= John Danvers (died 1594) =

English politician

Sir John Danvers (1540 – 19 December 1594) of Dauntsey, Wiltshire and Cirencester, Gloucestershire, was an English politician.

He was the eldest son of Sylvester Danvers (d. 1551) of Dauntsey, by his first wife Elizabeth, daughter of John Mordaunt, 1st Baron Mordaunt. He inherited a substantial estate in Wiltshire, Gloucestershire and Oxfordshire as a minor. His wardship was acquired by Sir John Gates and then sold to his uncle Sir Anthony Hungerford. Through his marriage, he obtained Danby Castle and large estates in Yorkshire. He was knighted in 1574.

He served as a Justice of the Peace (JP) for Wiltshire from around 1573 and High Sheriff of Wiltshire for 1574–75, 1585–86 and 1593. He was also a JP for Gloucestershire from around 1583, and High Sheriff of Gloucestershire for 1593–94. He was a member of the Council in the Marches of Wales from 1594.

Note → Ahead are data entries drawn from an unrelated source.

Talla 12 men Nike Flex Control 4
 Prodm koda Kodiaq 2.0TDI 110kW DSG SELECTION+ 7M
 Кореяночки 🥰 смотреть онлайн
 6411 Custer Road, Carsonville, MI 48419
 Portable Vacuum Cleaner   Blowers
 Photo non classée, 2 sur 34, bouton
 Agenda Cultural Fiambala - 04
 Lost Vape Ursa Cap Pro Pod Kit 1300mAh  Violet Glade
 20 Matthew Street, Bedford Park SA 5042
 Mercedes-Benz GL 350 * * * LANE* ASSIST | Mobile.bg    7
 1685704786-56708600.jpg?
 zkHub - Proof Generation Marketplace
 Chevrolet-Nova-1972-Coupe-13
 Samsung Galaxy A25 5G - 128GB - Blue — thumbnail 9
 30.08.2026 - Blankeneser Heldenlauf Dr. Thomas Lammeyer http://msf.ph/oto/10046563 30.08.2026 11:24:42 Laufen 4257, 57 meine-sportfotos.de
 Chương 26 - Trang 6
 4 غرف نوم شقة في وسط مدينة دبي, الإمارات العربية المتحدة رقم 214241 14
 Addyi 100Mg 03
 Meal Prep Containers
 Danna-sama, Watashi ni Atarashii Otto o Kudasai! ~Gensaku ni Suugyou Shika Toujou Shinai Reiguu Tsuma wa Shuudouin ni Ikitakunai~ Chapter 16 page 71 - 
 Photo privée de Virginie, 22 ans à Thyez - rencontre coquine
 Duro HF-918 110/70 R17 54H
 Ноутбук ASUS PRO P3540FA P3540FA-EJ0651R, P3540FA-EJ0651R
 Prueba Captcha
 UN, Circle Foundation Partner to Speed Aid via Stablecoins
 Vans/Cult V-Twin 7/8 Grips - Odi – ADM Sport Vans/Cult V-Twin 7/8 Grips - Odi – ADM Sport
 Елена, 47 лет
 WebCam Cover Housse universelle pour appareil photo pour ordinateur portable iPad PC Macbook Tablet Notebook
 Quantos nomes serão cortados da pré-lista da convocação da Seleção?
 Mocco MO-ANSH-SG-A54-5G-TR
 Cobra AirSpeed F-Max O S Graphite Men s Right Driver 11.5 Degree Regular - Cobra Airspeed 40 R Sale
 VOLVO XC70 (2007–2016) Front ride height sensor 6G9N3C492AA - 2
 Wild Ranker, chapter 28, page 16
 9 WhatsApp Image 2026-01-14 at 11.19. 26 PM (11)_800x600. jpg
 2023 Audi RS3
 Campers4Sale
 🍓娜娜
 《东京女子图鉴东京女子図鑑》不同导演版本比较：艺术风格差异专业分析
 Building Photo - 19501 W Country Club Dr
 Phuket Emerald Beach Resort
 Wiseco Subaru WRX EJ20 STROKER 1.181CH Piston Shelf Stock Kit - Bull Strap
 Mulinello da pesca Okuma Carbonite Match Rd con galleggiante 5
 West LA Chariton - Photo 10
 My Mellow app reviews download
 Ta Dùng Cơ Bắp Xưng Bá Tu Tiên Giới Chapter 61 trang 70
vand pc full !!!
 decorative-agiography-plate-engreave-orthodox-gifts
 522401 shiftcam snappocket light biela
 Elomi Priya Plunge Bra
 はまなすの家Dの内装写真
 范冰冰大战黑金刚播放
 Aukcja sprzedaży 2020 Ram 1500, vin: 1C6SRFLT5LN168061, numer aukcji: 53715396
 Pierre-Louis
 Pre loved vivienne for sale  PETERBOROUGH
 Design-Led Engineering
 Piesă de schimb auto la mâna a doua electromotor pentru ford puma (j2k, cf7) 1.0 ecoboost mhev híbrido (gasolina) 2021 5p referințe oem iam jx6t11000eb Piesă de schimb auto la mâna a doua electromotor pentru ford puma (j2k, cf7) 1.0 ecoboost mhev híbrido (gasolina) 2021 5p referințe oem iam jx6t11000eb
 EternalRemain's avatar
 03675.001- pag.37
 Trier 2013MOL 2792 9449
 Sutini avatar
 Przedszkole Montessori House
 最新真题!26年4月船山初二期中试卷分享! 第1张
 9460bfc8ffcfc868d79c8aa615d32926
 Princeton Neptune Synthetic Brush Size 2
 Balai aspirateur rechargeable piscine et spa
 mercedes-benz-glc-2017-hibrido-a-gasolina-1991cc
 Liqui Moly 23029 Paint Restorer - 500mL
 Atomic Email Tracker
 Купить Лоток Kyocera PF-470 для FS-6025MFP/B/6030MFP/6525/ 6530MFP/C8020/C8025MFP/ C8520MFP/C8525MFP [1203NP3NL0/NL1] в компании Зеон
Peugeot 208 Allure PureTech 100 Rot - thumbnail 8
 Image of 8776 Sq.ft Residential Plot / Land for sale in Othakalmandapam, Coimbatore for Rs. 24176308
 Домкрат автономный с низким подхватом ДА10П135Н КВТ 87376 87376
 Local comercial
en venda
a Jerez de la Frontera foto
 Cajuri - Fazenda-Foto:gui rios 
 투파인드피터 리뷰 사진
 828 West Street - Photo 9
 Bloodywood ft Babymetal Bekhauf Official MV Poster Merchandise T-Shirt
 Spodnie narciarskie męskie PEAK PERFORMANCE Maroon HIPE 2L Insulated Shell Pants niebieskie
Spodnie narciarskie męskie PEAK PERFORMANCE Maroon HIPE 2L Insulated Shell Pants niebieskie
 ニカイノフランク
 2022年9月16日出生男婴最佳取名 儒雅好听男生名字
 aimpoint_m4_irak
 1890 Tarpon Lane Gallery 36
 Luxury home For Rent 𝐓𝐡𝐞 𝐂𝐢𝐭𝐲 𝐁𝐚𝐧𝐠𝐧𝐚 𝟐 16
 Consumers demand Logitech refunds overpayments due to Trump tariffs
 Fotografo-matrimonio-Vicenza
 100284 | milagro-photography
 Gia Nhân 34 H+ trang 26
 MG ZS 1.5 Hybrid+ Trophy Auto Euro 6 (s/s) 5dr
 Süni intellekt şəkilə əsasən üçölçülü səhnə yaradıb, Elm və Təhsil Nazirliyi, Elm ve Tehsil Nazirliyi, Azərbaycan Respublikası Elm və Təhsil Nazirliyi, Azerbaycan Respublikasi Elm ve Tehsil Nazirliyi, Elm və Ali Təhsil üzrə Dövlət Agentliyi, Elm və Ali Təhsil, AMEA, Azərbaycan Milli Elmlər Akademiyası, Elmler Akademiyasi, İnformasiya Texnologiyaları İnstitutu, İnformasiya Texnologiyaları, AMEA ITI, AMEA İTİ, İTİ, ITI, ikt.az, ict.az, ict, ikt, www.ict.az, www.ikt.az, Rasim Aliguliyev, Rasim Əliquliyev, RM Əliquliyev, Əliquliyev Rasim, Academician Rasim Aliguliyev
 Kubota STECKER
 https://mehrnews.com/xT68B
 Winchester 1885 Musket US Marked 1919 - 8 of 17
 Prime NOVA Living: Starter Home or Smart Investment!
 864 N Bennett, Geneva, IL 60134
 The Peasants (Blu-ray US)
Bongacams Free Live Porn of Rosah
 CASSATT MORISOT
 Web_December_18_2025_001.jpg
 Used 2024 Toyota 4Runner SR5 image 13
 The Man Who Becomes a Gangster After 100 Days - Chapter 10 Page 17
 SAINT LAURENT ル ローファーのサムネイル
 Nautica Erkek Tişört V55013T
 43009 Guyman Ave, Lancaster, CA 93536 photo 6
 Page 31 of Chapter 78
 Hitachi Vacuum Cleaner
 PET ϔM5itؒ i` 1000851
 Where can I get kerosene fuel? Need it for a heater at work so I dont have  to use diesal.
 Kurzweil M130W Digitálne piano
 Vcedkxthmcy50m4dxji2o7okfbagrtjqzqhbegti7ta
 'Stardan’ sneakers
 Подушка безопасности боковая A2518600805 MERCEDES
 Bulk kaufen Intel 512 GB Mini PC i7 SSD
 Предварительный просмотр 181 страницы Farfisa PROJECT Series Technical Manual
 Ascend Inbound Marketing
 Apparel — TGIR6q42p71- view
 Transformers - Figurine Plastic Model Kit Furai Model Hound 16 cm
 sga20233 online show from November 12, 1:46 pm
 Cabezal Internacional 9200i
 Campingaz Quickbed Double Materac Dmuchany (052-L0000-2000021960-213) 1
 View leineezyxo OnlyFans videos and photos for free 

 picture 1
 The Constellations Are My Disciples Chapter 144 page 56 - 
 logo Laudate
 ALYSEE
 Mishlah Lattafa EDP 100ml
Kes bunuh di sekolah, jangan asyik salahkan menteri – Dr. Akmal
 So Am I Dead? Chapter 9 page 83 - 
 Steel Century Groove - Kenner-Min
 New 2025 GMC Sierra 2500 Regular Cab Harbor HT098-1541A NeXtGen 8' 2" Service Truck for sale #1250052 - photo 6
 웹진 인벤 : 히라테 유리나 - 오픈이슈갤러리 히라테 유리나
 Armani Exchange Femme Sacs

He was a Member (MP) of the Parliament of England for Wiltshire in 1571 and for Malmesbury in 1572. His acquisition of the borough of Cirencester meant that he also controlled that seat, for which his son Charles sat in the 1580s. His own failure to sit in the later Elizabethan parliaments, while he remained active in local affairs, may have been due to his religious views having been inclined towards Catholicism.

He died in 1594 and was buried in Dauntsey church.

==Family==
He married Elizabeth, the daughter and co-heiress of John Nevill, 4th Baron Latimer, with whom he had a large family. There were three sons and six daughters living at the time of his Inquisition post mortem in 1595:
- Charles was executed for treason in 1601.
- Henry was created Earl of Danby.
- John was a signatory of Charles I's death warrant.
- Anne married Sir Arthur Porter of Llanthony, Gloucester
- Lucy married Sir Henry Baynton of Bromham, Wiltshire.
- Eleanor (d. 1601) married Thomas Walmesley of Dunkenhalgh, Lancashire.
- Elizabeth (d. 1611/12) married Edward Hoby of Bisham Abbey, Berkshire as his second wife.
- Katherine married Sir Richard Gargrave of Nostell Priory, Yorkshire
- Dorothy married Sir Peter Osborne of Chicksands Priory, Bedfordshire.